Daniel realized that Latino students did not know about the opportunities available to them after high school, so she contacted the Newcomer Center for speaker suggestions.

She invited Nury Anton, who is from Venezuela, and remembers Anton telling the students that with their two languages, "You have gold in your hands."

For two years, school counselors coordinated speakers.

Two summers ago, Daniel contacted the Winston Lake YMCA, which already had a Black Achievers program. The YMCA offered to operate the Latino Achievers program, which is funded by the United Way. Students also get a membership to the Y.

"The kids love it," Daniel said. They feel that "someone cares about them and wants to invest in their future. We need them to care about their community, and we need their community to care about them."

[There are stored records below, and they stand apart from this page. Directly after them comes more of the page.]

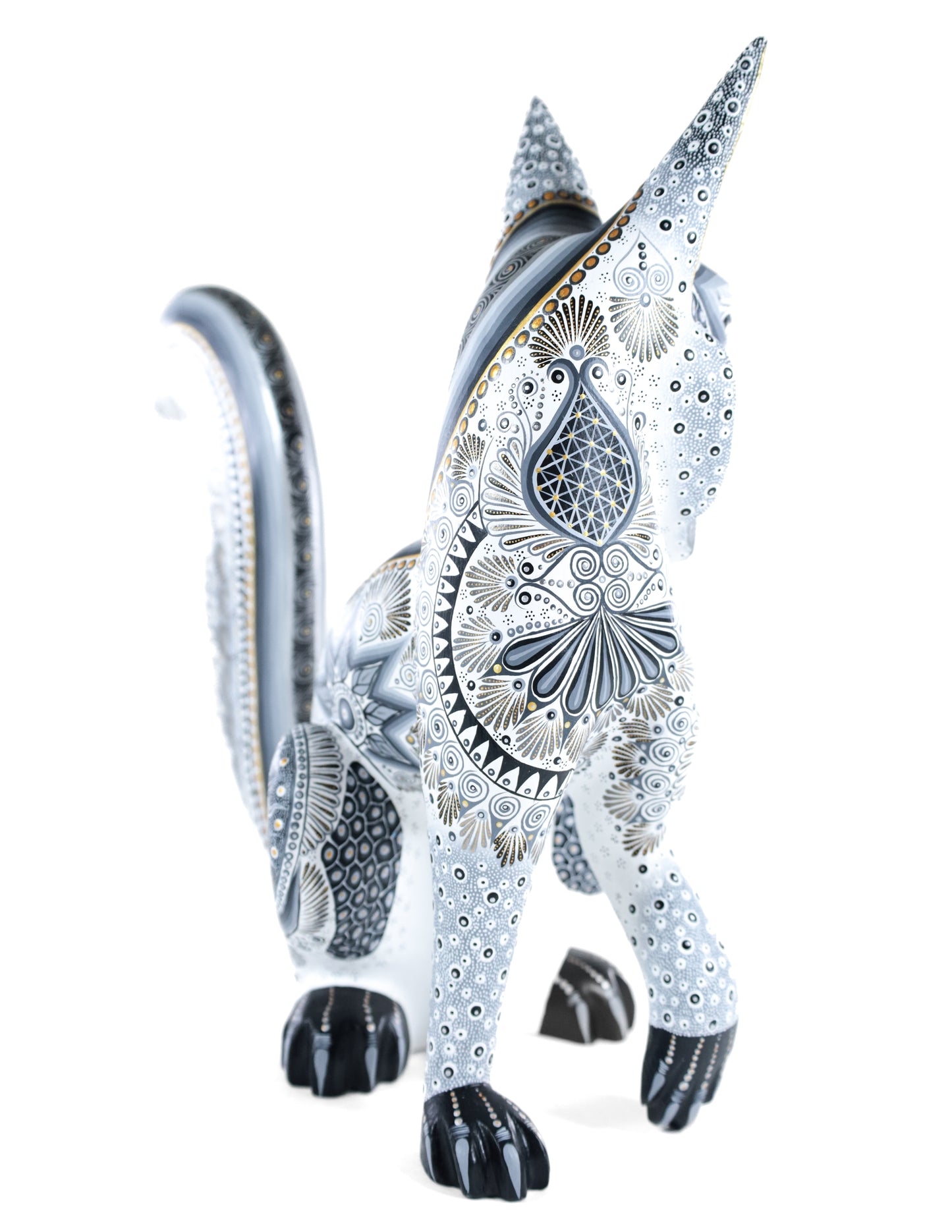 Gato Alebrije | Oaxacan Hand-Painted Copal Wood Carving | Magia Mexica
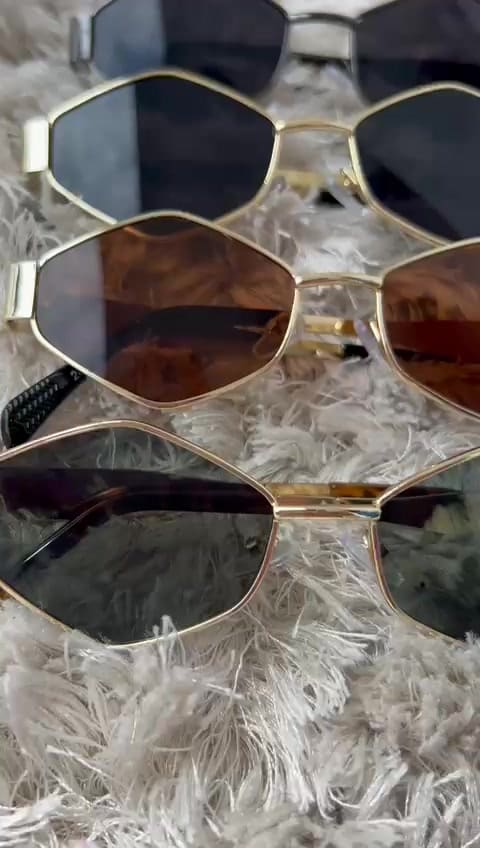 🕶️✨ Óculos de Sol Retrô Unissex UV400 com Haste Dourada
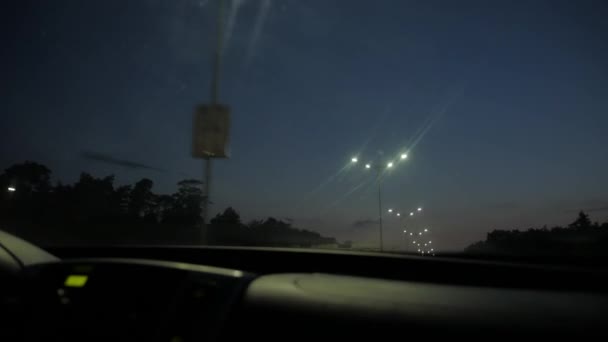 Luces de carretera nocturnas — Vídeo de stock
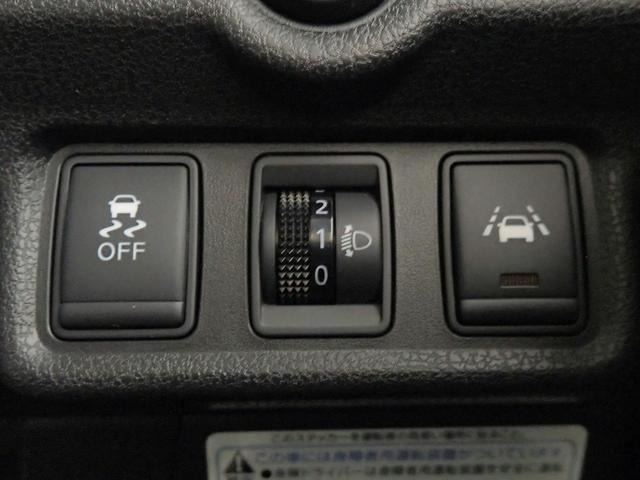日産 ノート １．２ メダリスト Ｘ H28年 (近畿) 99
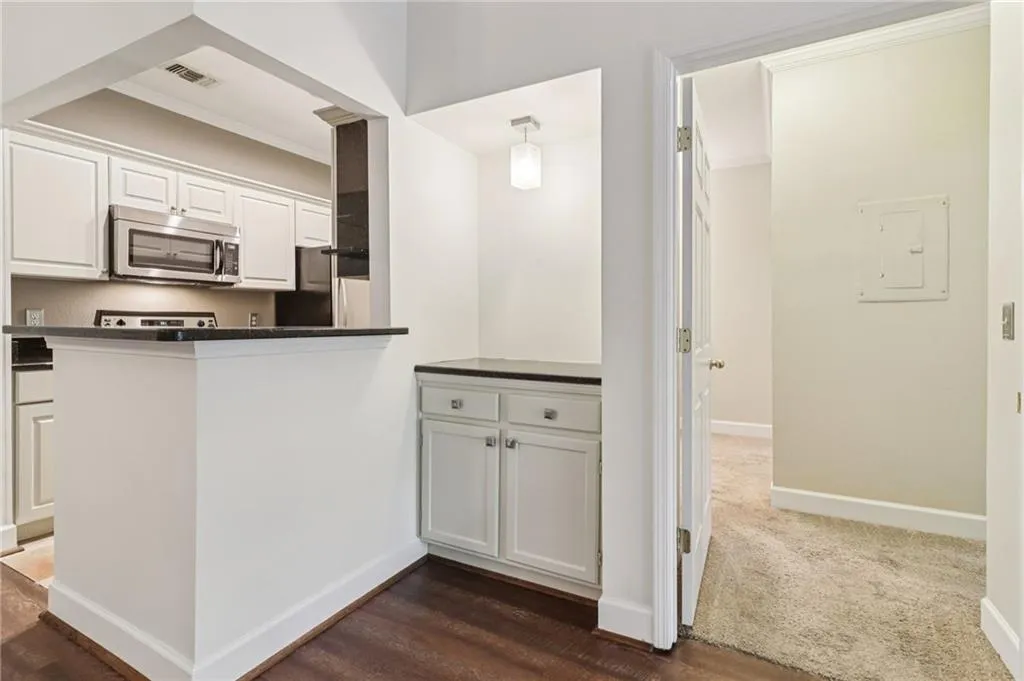 3071 Lenox Road Ne Unit 8, Atlanta, Georgia 30324, 2 Bedrooms Bedrooms, ,2 BathroomsBathrooms,Residential,For Sale,3071 Lenox Road Ne Unit 8,7675120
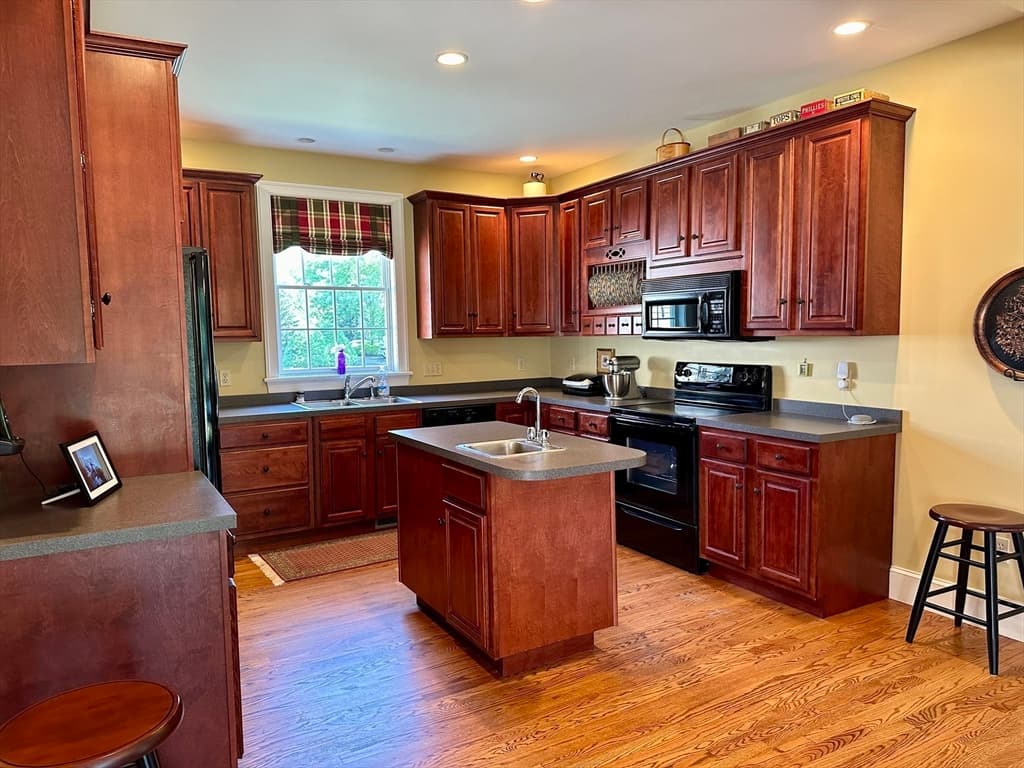 Single Family Residence at 4 Crestview Drive, Deerfield MA 01373, Deerfield, photo 24 of 42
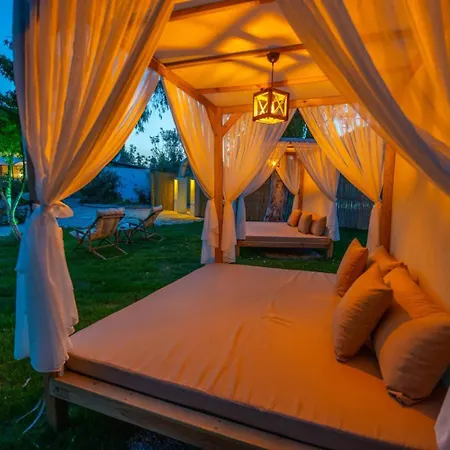 Vodina Lounge Hotel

The program has three primary roles, said Anton, who was hired by the YMCA as the director of Latino Achievers: "It teaches them the importance of school; it teaches them to be proud of their heritage and language; it teaches them the different opportunities they can have.

"I was taking ESL (English as a second language) when I was 15 in Florida. I was where they are. When I was in ESL, I did not want to be different. I think there's a huge need to help the Latino students. The need is there because the kids are dropping out."

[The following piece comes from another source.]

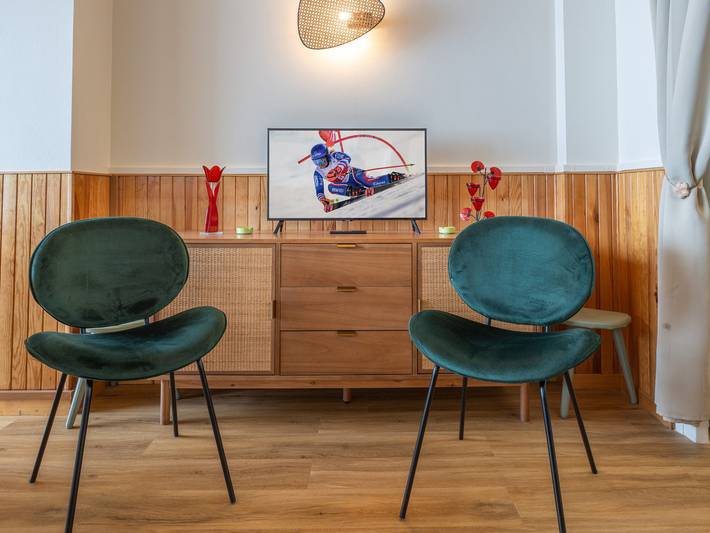 Apartamento entero, Apartamento familiar renovado con WIFI y balcón en Vieil Alpe in Huez, Parque Nacional de los Ecrins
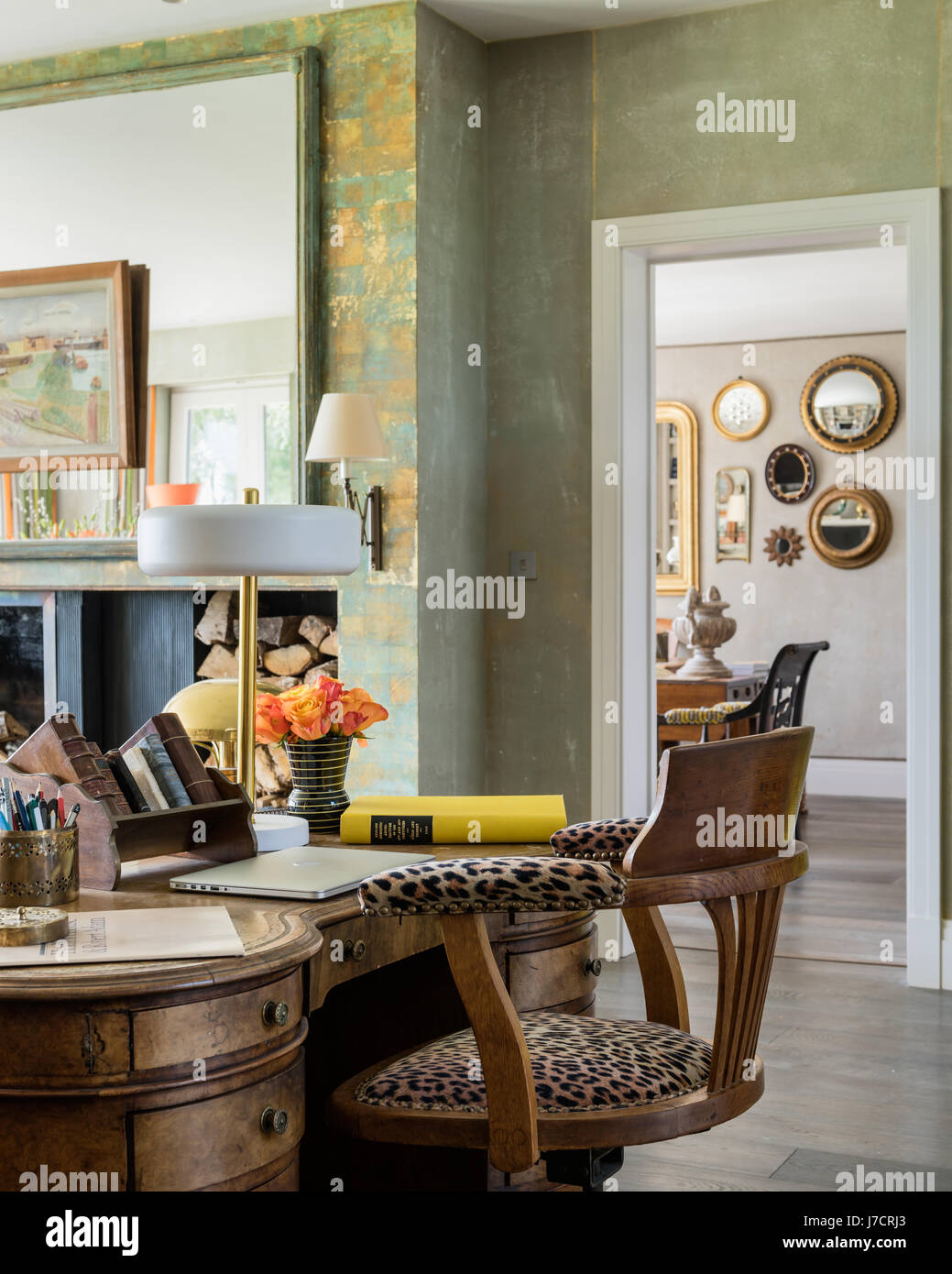 Leopard print président au bureau ancien avec miroir convexe Afficher vue à travers la porte Banque D'Images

In 2011-12, 800 Latino high school students participated in the program. This year, the program will be in six high schools: West Forsyth, East Forsyth, North Forsyth, Mount Tabor, Reynolds and Parkland.

Anton is also expanding the program into two middle schools, East Middle and Wiley. She coordinates field trips as well as speakers.

Guest speaker Selma Ahnert told the students that when she arrived in the U.S. from Mexico eight years ago, she knew she wanted to be a court interpreter, so she started sitting in court to learn the terminology.

"I love my job; that's most important," said Ahnert, who is a staff court interpreter for Forsyth County.

Although Stephen Whittington, director of the Museum of Anthropology at Wake Forest University, is not Latino, Anton invited him to explain his archaeological work in Latin American countries.

"Since I've been here in Winston-Salem, I've done what I can to work with the Hispanic community," Whittington said. "If I can help high school students who might consider the museum profession or anthropology or archaeology, that's a good way to spend my time."